• DATA SUPPLIED
──────────

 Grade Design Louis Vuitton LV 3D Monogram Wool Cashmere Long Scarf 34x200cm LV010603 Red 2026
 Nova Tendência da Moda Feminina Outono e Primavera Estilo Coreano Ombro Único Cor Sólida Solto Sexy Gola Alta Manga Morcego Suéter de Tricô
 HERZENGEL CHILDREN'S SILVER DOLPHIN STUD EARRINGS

──────────

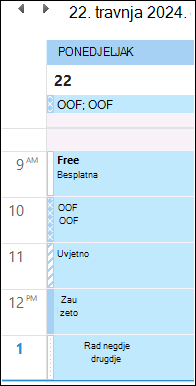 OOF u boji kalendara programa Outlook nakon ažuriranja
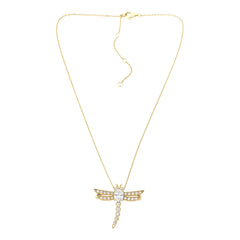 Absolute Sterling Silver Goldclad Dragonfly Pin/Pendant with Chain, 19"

──────────

• TASK INSTRUCTIONS
The expected output is exactly the lines of the listing above between the line holding "Grade Design Louis" and the line holding "Nova Tendência da", inclusive.

• OUTPUT FOR THIS TASK
 Grade Design Louis Vuitton LV 3D Monogram Wool Cashmere Long Scarf 34x200cm LV010603 Red 2026
 Nova Tendência da Moda Feminina Outono e Primavera Estilo Coreano Ombro Único Cor Sólida Solto Sexy Gola Alta Manga Morcego Suéter de Tricô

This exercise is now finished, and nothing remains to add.